Felton began reading pamphlets and magazines distributed by contemporary American fascist groups, and he read the writings of Adolf Hitler and various Nazi ideologues. But he couldn't escape one crucial fact in those racist doctrines: race, for them, was a biological fact. Felton, to those writers, and to most of the racists with whom he had begun to correspond and associate, was indisputably black (whatever his appearance) and thus part of an inferior race, someone to be shunned. It was a situation that seemed to Felton not so much ontologically wrong as simply unfair. ''I had an investment in these ideas that most people in the movement didn't have,'' he said, ''despite their blond hair and blue eyes.''

Then in 1995 he discovered a book that offered him a way out: ''Imperium,'' a strange work of philosophy and occult religion written just after World War II by an American fascist named Francis Parker Yockey. ''The main thing to understand in Yockey's idea of race,'' Felton explained to me in a letter, ''is that he considered it to have its center of gravity in the spirit rather than in biology. He considered the National Socialist'' -- or Nazi -- ''concept of race to be a product of 19th-century materialism.'' The quote from ''Imperium'' that Felton was most eager to draw to my attention was this one: ''Race is, in the first instance, what a man feels.''

According to ''Imperium,'' the world was on the cusp of the ''greatest of all battles in 5,000 years of history.'' The ''historical Mission'' at hand was ''the saving of the Western Civilization from decadence within and from the barbarian without.'' And who would take part in this crusade? Not just biologically white men, Yockey wrote, but ''any man who shares the feeling of this Mission, and any group which shares it, regardless of the derivation of the man or group.''

For Felton, in his prison cell, this idea changed everything. Race was a choice; it was what a man feels, and Felton knew he felt white. By defending white culture, he would literally become white -- as pure as anyone else who shared the same beliefs.

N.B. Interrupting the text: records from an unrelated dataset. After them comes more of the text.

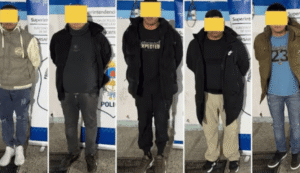 Detuvieron a cinco sospechosos por el crimen de un hombre que defendió a su jefe de un robo en San Justo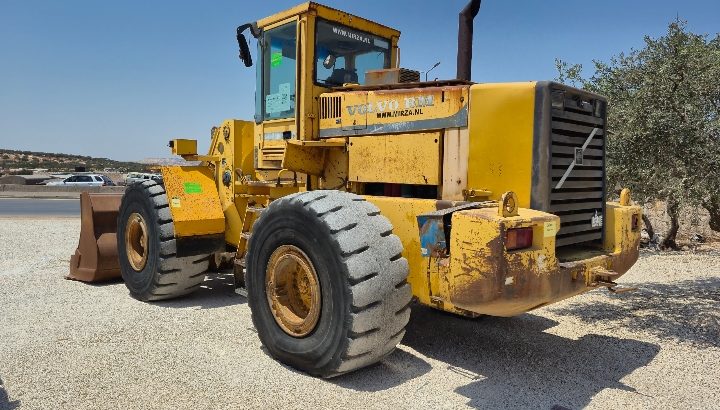 Volvo L180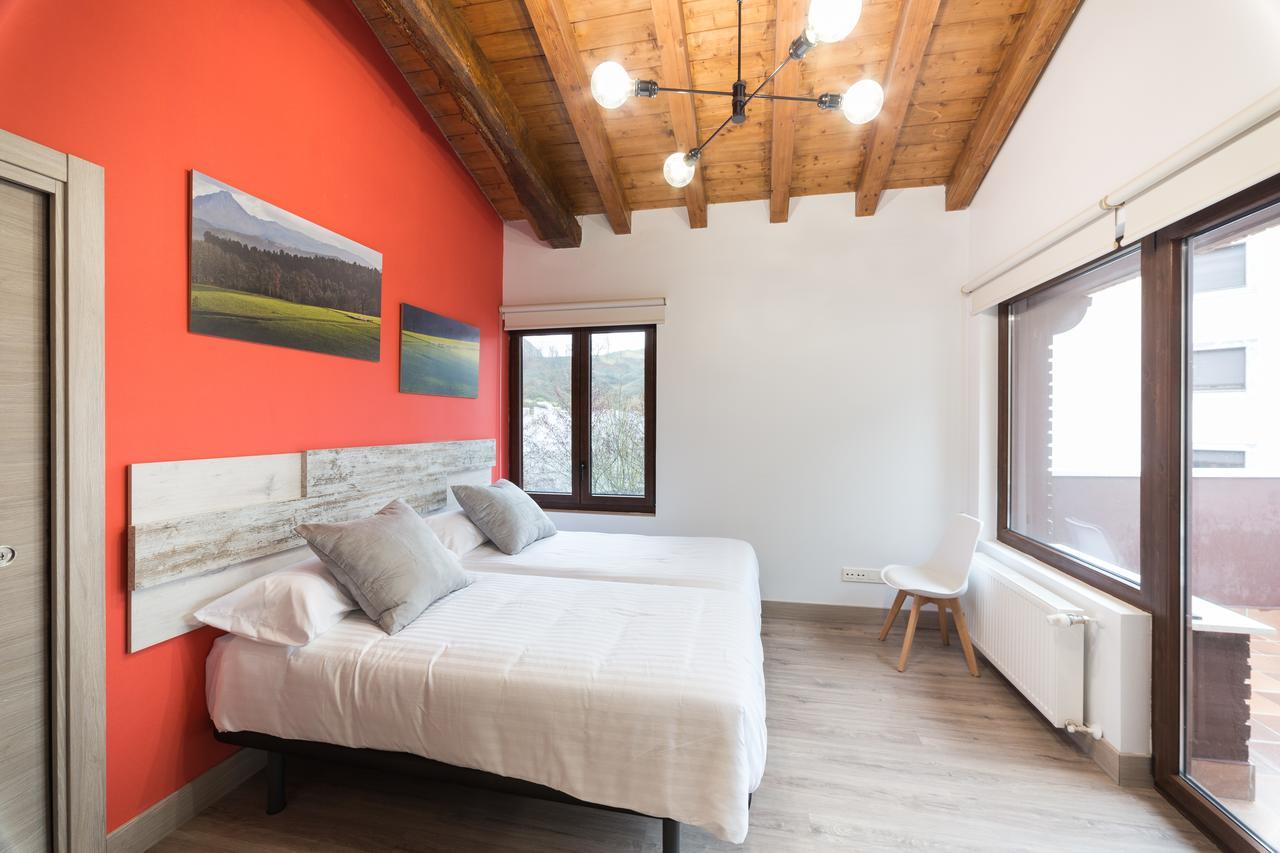 Petit Goierri Hotell Ormáiztegui Exteriör bild
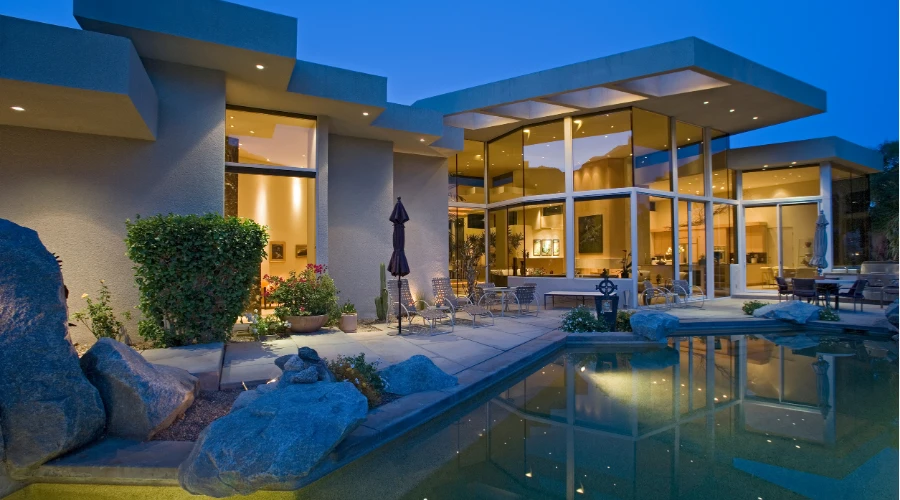 7. Royal Exteriors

It was a solution, but not a completely satisfactory one. Very few in the movement, Felton knew, had ever read Yockey, and most of them weren't likely to adopt Yockey's spiritual definition of race even if they did make it through his dense prose. This meant that Felton was going to have to keep lying. As he recalled in one letter, ''The pervasive racial materialism in the Movement would require me to give only half of the truth to my comrades as to my own racial biology, but I felt that in the wider sweep of things this would not matter.''

It wouldn't matter, he thought, because of his intense level of commitment to the cause. ''My intention was something that nine-tenths of my comrades in the movement ran their mouths about all day long for years on end yet simply lacked the courage to do,'' he explained to me. ''Under such circumstances I saw nothing immoral in my withholding of part of my genealogy from them.''

Felton's deception worked. Not only was he accepted as white; other white prisoners also began to turn to him for racial instruction. He was transferred to Attica, in upstate New York, where in the late 90's there was already a well-organized racist faction. There were 60 or 70 white prisoners in C Block, where Felton was held. Of those, 20 were allowed to come to the two tables in the mess hall that Felton and others had reserved for the ''politicized.'' Felton lent books to prospective racists who wanted a grounding in history, and he took part in informal debates in the yard or at dinner. He drew an elaborate comic book, one that he hoped would find an audience well beyond the walls of his prison, about a violent series of racist attacks by a lone-wolf terrorist bent on overthrowing the United States government. It was a critical time for Felton. He felt as though he was part of a group at last, not marginal at all but right in the middle of something important.

He was transferred from one prison to another during the last few years of his incarceration and made connections with racists and neo-Nazis in each one. When he was moved to Northern State Prison, outside of Newark, in 2000, he assumed an official leadership position for the first time and created an intricate system of racist education and indoctrination for a selected group of white prisoners.

''It became codified,'' he recalled. ''We had mandatory workouts, mandatory book reports. I had a whole curriculum developed. I kind of took pride in it. It was a really good thing.'' He discovered that the New Jersey prison system had a program in place that allowed prisoners to borrow books from public libraries anywhere in the state. He made a list of the books he thought his charges needed to read and tracked them all down. ''We'd all go down to the library and fill out these slips for interlibrary loan,'' he said. ''When the book arrived, we'd throw one of the guys in the copy room at the library a pack of cigarettes to make copies for us.'' Felton's reading list was demanding: Yockey, Friedrich Nietzsche, the early-20th-century German philosopher Oswald Spengler. Felton's group, usually about a dozen men, would meet once a week in the yard to discuss the assigned reading.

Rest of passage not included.